Ireland: Offshore Legal and Tax Regimes
Non-resident companies carrying on business in Ireland are liable to corporation tax on their Irish-sourced income only. Equivalent rules apply to capital gains; however there are roll-over exemptions available for capital gains.
For a number of years, residence has been determined primarily according to a 'management and control' test, with some subsidiary tests such as the location of actual trading, location of bank accounts, location of head office, etc. Until 1999 there was no statutory definition of 'residence', and it was possible to maintain non-residence for an Irish company despite a substantial level of activity in Ireland.
As part of a general response to the EU's initiative against 'harmful tax competition', Ireland installed or announced new tax regimes during 1999, agreed with the EU, which continued the existing favourable tax regime in many respects, but which brought some parts of the tax system much more closely into line with general EU practice.
Under the Finance Act, 1999, all Irish-incorporated companies became resident; however, there are a number of exceptions to the rule, some of them to accommodate the situation of multinational companies (many American) who have established themselves in Ireland. The most important exceptions are:
- An Irish-incorporated company which is resident in a treaty country (Ireland has Double Tax Treaties with 44 countries) and which is not resident in Ireland will continue to be regarded as non-resident in Ireland;
- An Irish-incorporated company which is under the ultimate control of a person or persons resident in an EU member state or in a country with which Ireland has a double tax agreement, or which is, or is related to, a company whose principal class of shares is substantially and regularly traded on a stock exchange in an EU country or a treaty country AND which carries on a trade in Ireland or is related to a company which carries on a trade in Ireland will continue to be able to be non-resident under the management and control test. ('Related to' means that either one of the two companies owns at least 50% of the other, or that both are owned at least 50% by a third company; 'Control' is interpreted within Irish rules that attribute the rights of shareholders to related parties and associates.)

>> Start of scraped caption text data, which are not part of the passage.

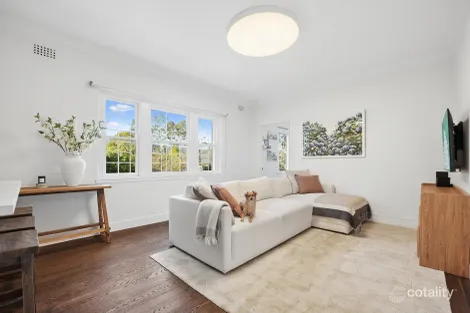4/51 BELLEVUE RD, BELLEVUE HILL, NSW 2023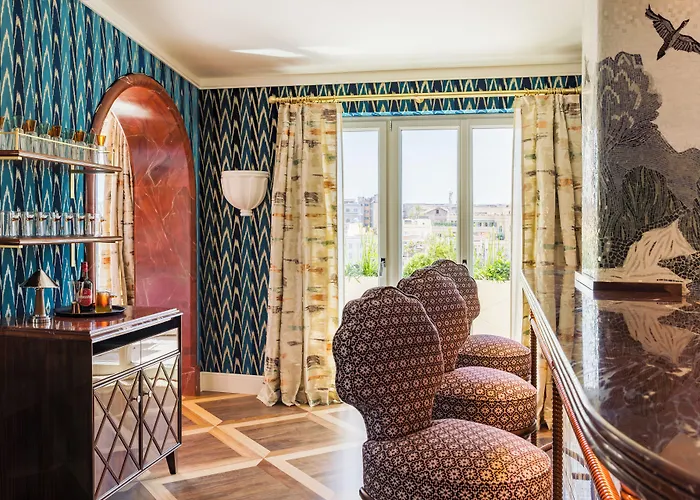 Casa Monti Hotel 5*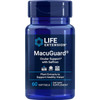 Life Extension MacuGuard Ocular Support with Saffron 60 softgel bottle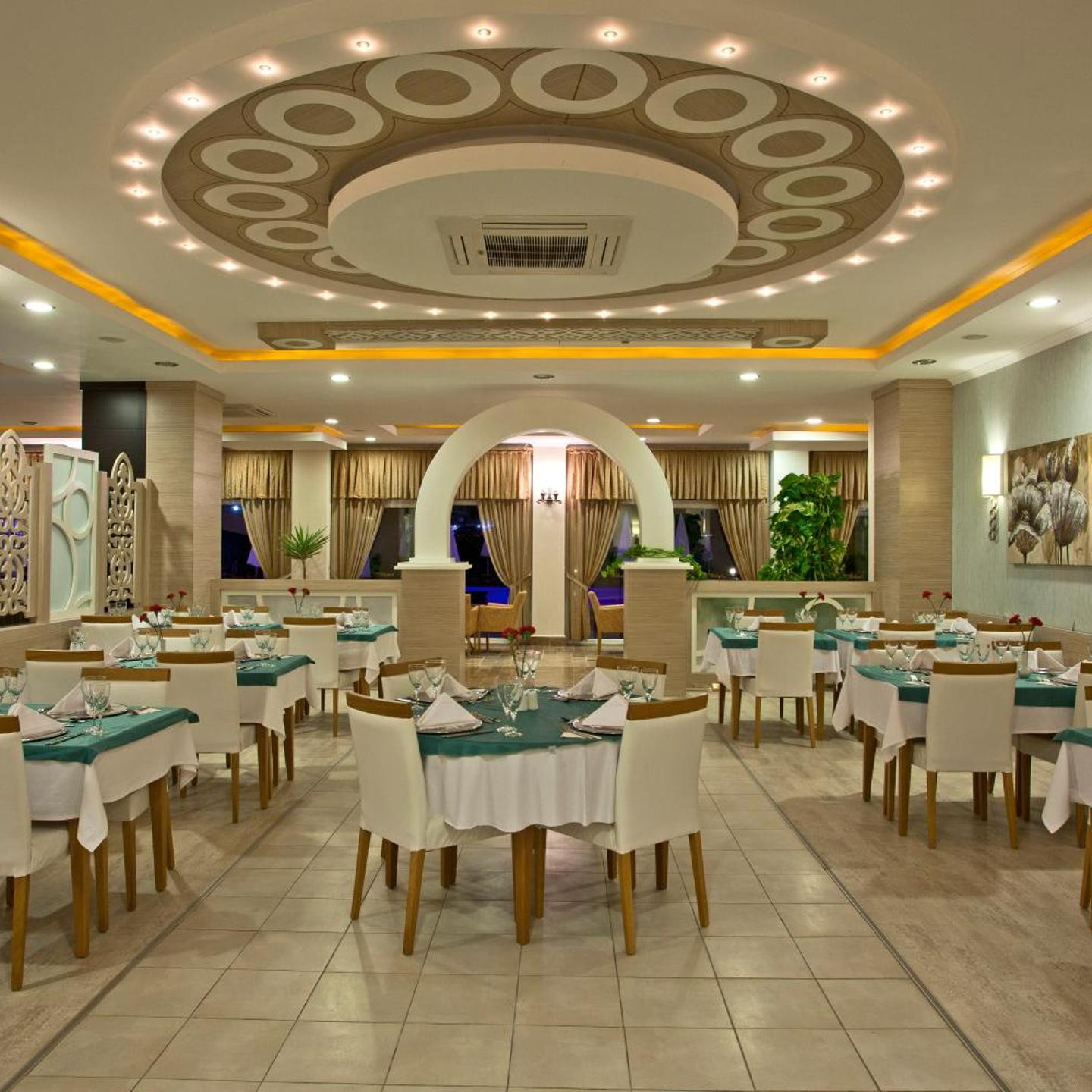 Hotel Titan Select Ultra All Inclusive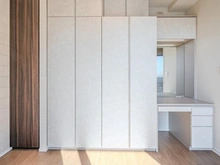 【東京都/新宿区西新宿】シティタワー新宿 収納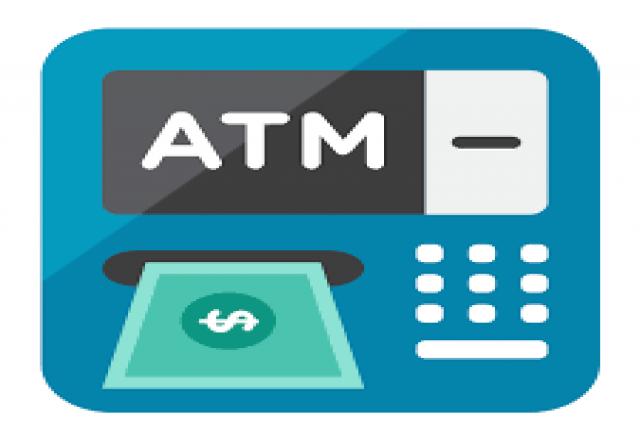 Học từ vựng tiếng Nhật hiệu quả liên quan đến ATM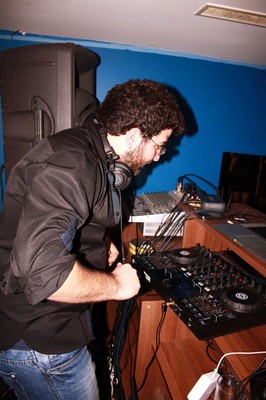 Balamand Halloween Party
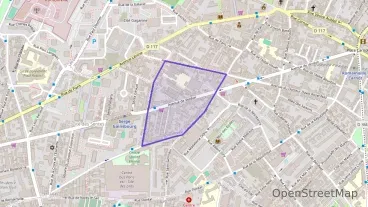 appartement d'une chambre 36 m² à vendre à Romainville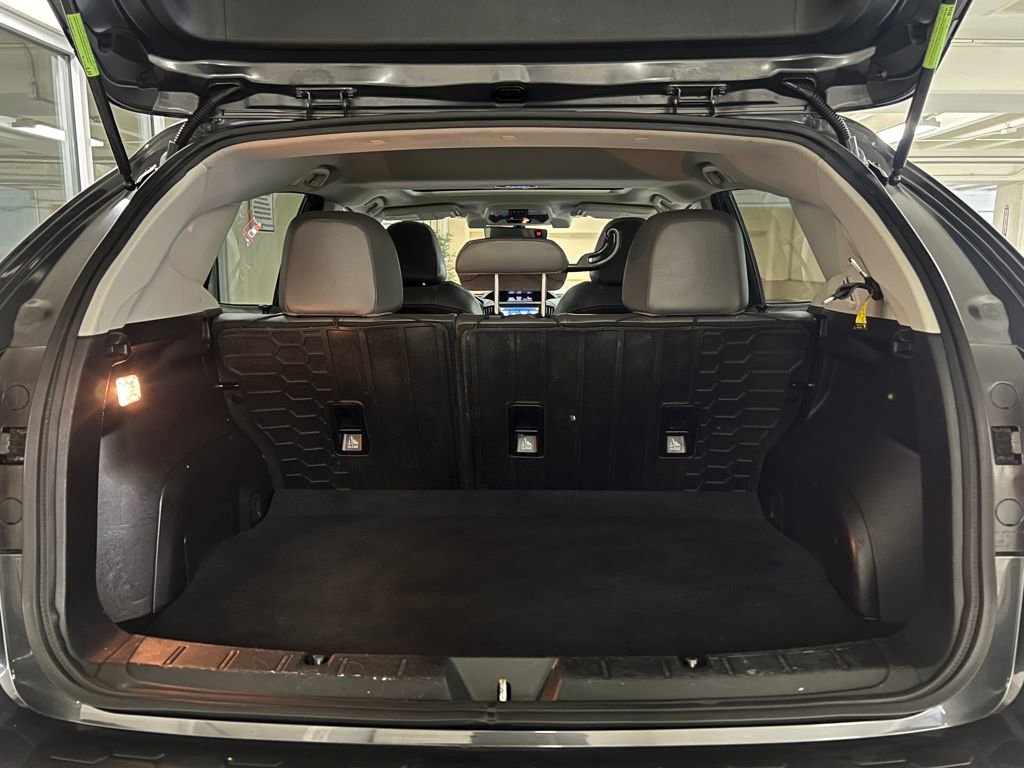 Used 2021 Subaru Crosstrek 2.5i Sport w/ Moonroof Package image 43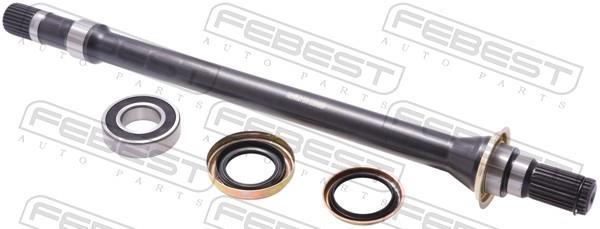 Cardã FEBEST ref. 1012-V250ATRH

Alongside these exceptions, some additional reporting requirements have been imposed on non-resident companies, and some stiffer incorporation rules have been imposed on all companies:
- Non-resident companies must declare their country of residence, the name and address of any qualifying trading company in Ireland, the name and address of any qualifying quoted controlling company, or else the name and address of the ultimate beneficial owners;
- Companies to be incorporated must intend to trade in Ireland, and will have to have at least one Irish resident director or else provide a bond.
As can probably be seen, these rules taken together are far from restrictive, and in most cases it was possible for companies either to continue non-residence as they are currently structured, or else to make reasonably straightforward adjustments to fall within the new rules.